### Task details
Beginning with the line that holds "Holiday Backyard Decor" and ending with the last line below, repeat each line exactly, leaving any pictures out.

### Provided information
-----

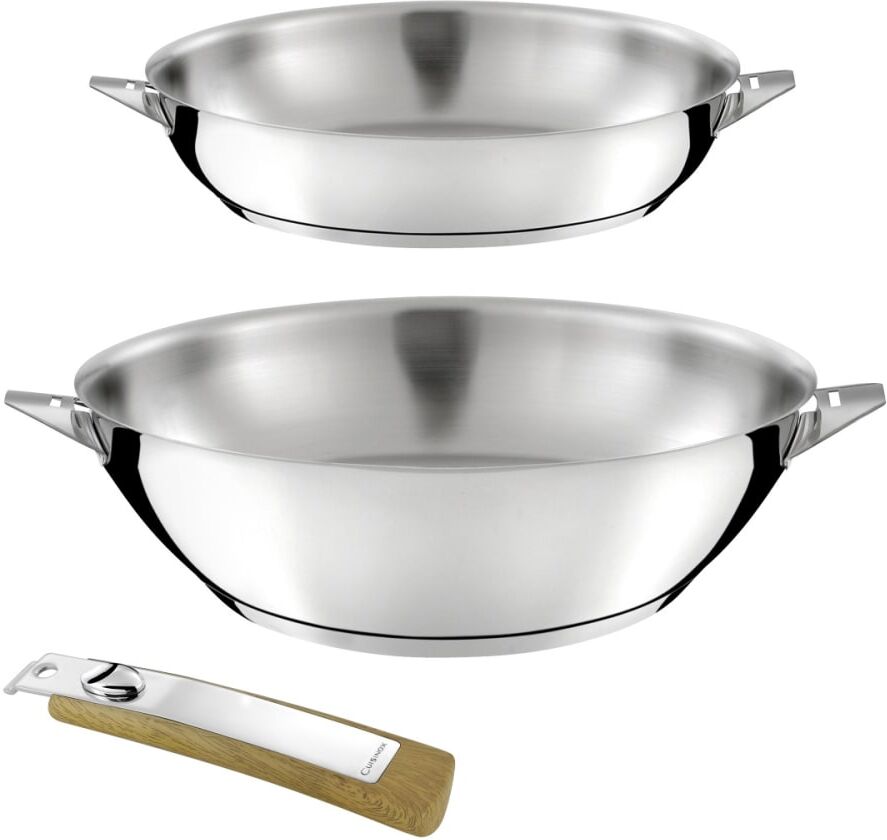 Cuisinox Lot de 1 poêle 24 cm et 1 wok 28 cm finition miroir avec poignée effe Argenté 50x9x10cm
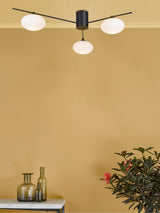 Next Dar Lighting Black Jasper 3 Light Flush Ceiling Light- Buy online at McGrocer
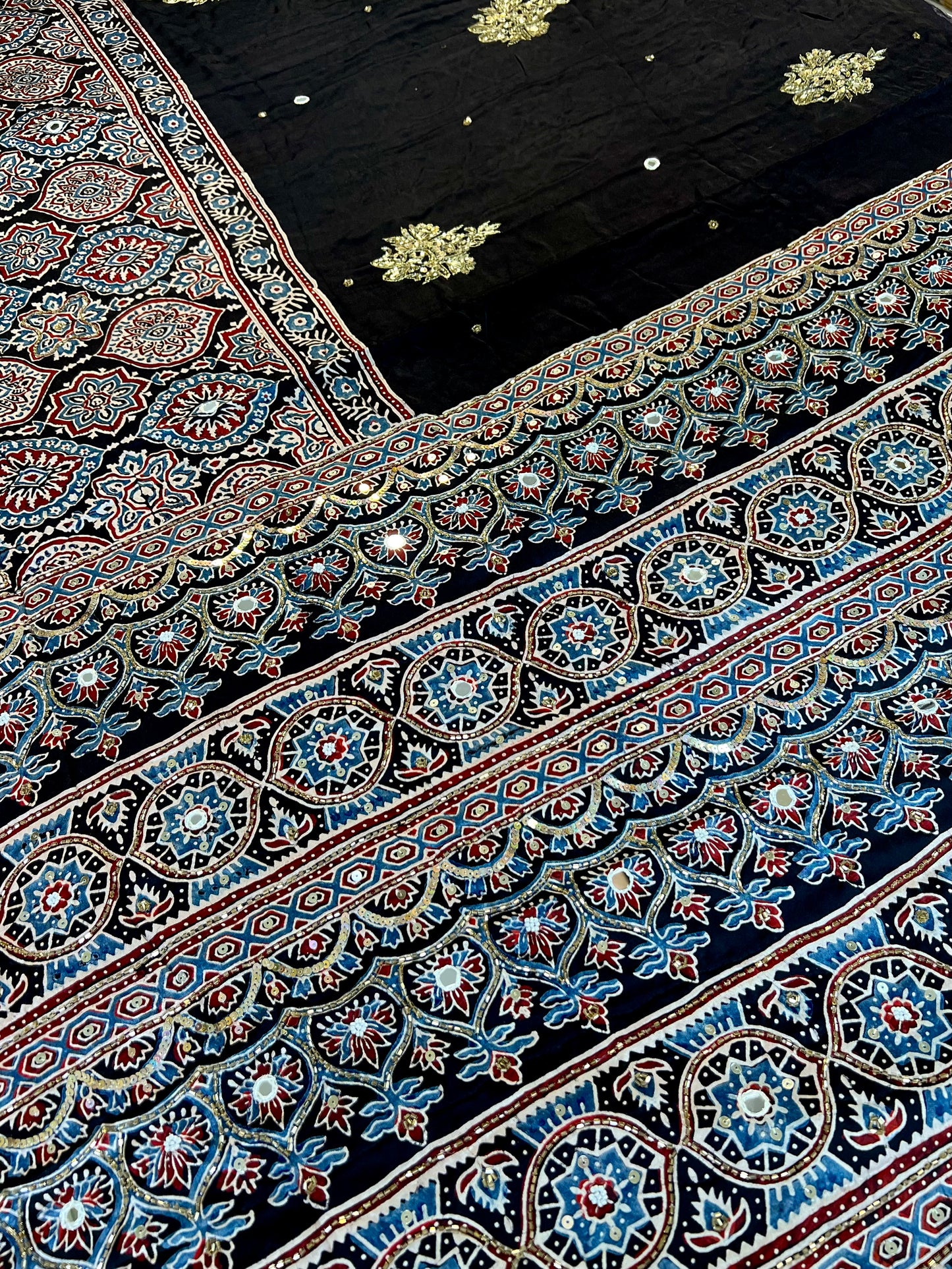 MIDNIGHT BLOOM - Pure Modal Ajrakh Hand Embroidered Saree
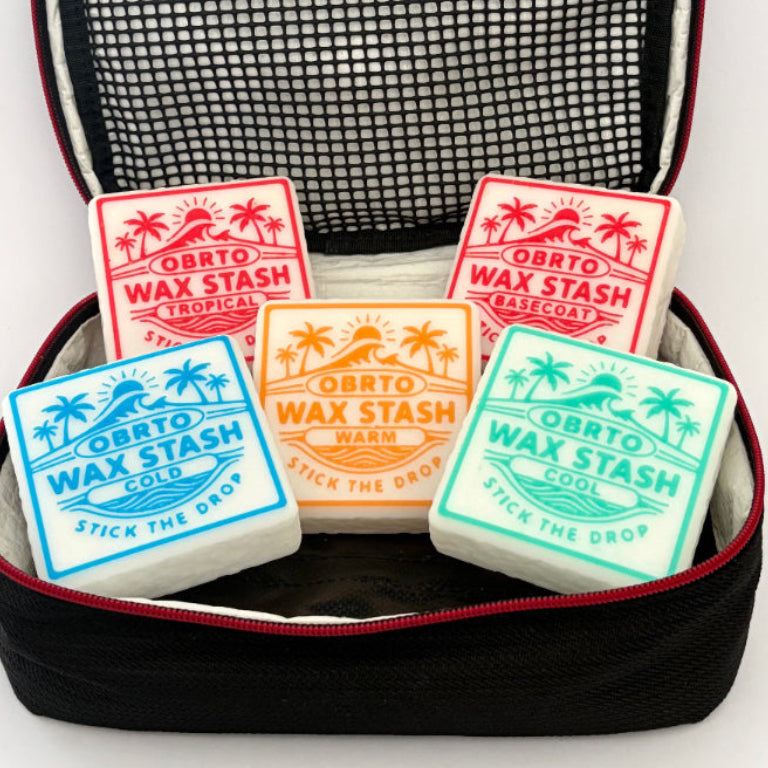 OBRTO Quiver Bundle — five Wax Stash containers with temperature labels in a black mesh bag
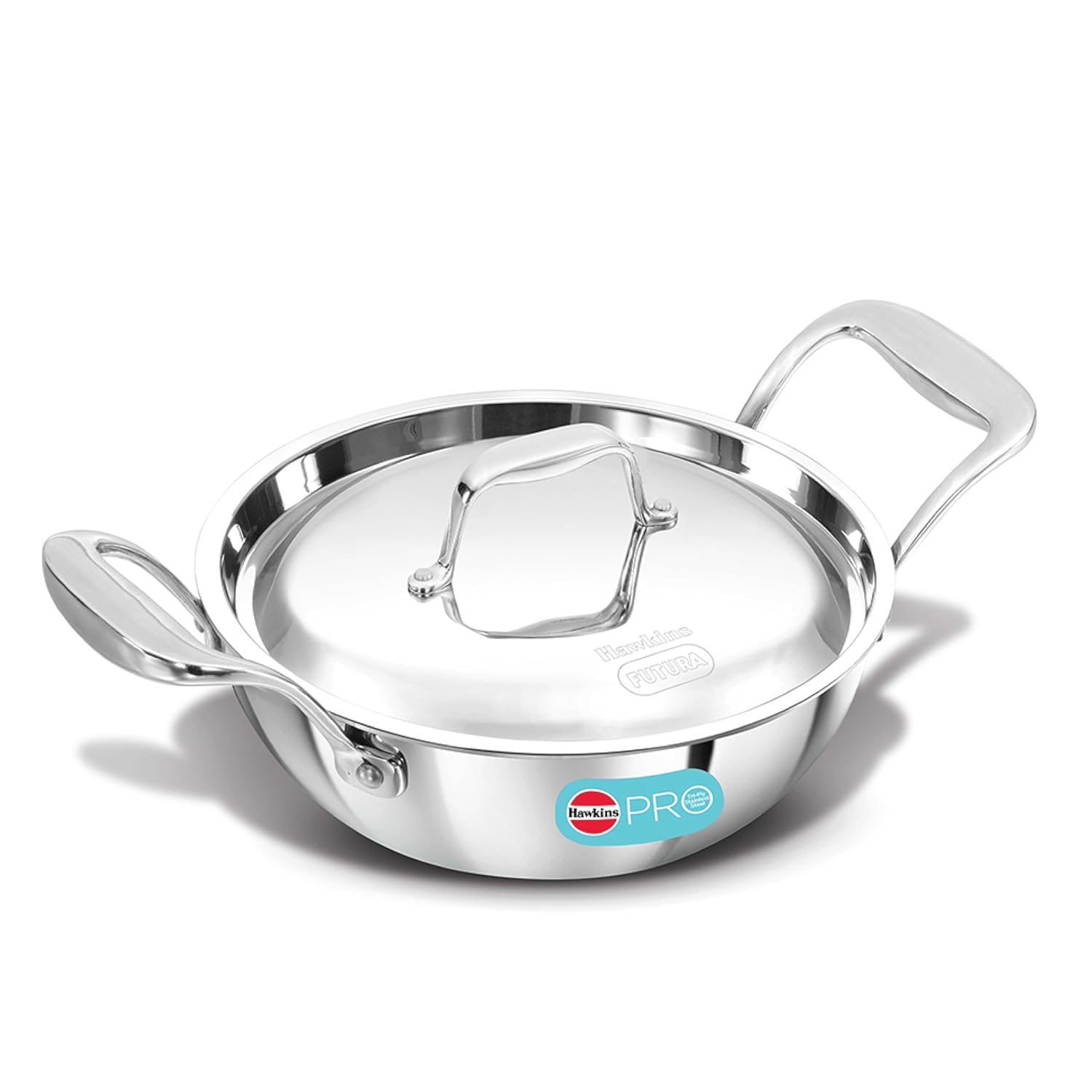 Hawkins Pro 1.5 Litre Deep-Fry Pan, Triply Stainless Steel Kadhai with Steel Handles and Steel Lid, Small Kadhai, Silver (PSK15S)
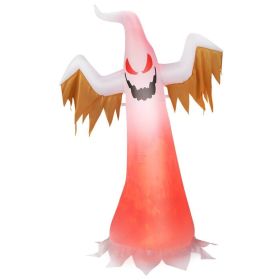 Holiday Backyard Decor Halloween Inflatable Horror Ghost  W/LED Lights (Color: White & Red)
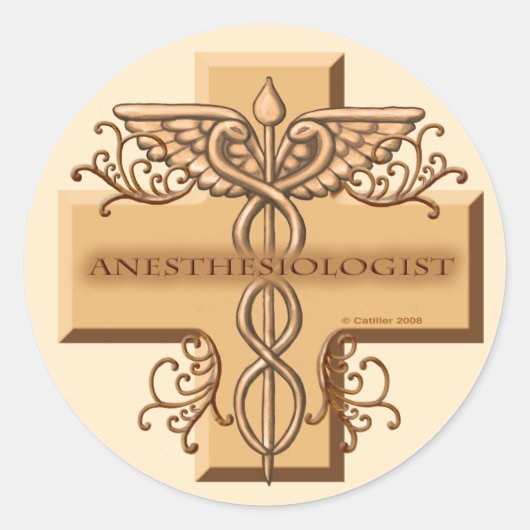Anesthesioloog Cross Ronde Sticker (Voorkant)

-----

### Answer area
 Holiday Backyard Decor Halloween Inflatable Horror Ghost  W/LED Lights (Color: White & Red)
Anesthesioloog Cross Ronde Sticker (Voorkant)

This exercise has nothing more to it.